They have introduced a Whistleblower Protection Act to encourage more people to report corruption. People convicted of corruption are now named on a Government website. Some 280 people were listed last year.

In terms of raising the living standards of low income households, there have been several successes. These include allowing over 35,000 low income earners to buy homes at greatly subsidised prices, helping low income female entrepreneurs and assisting over 40,000 extremely poor households. Other programmes have addressed shortcomings in the quality of rural life including connecting a clean water supply to 35,000 homes and providing electricity to another 27,000 households.

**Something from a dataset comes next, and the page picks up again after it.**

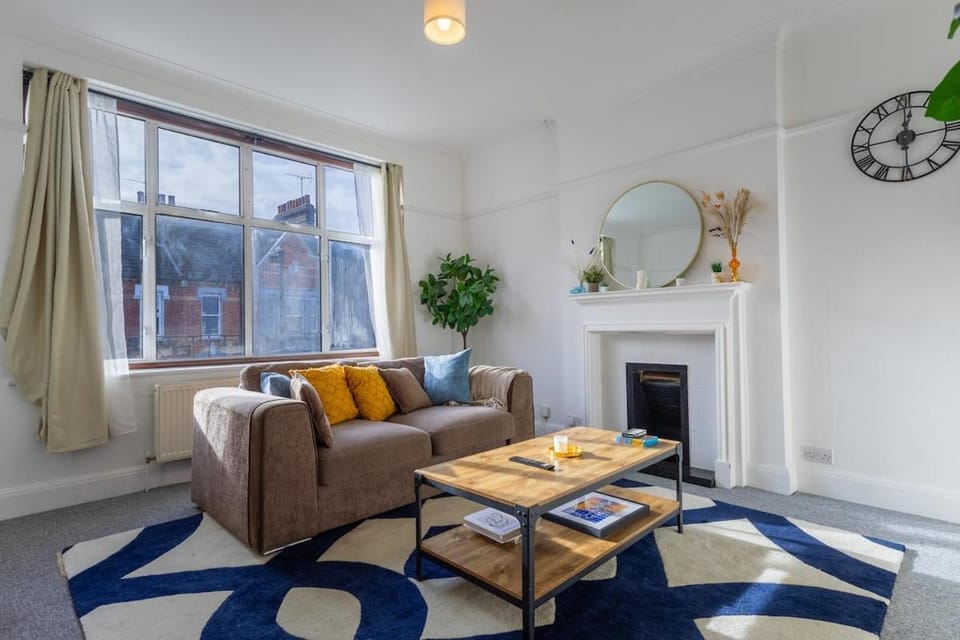 Bright and Spacious 3 Bed Apartment in London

Permanent  Residency  Update

At the end of last year several expats gave us information about their failed efforts with Permanent Residency. We passed these on to Talent Corporation so they could have some more insight into the difficulties people have getting PR. The overall goal was to look at the manner of processing and the qualifying criteria and see what could be done to liberalize it.

They also advised us that if they thought there were any clear cases where a person should have been given PR but had been denied they would investigate further. There were two cases where they felt this was the case and they have contacted the individuals concerned to offer their assistance. So if you were one of the people who sent me details and have not heard from them, then I am afraid that they did not feel your case was strong enough to support. Having said that you should be aware that there has recently been a liberalisation of the rules and it is possible that you may have a chance with the new set of guidelines.

You can find out more about the current criteria on the new immigration website – www.imi.gov.my/index.php/en/entry-permit

Email us at [email protected] with your questions and comments about these news items.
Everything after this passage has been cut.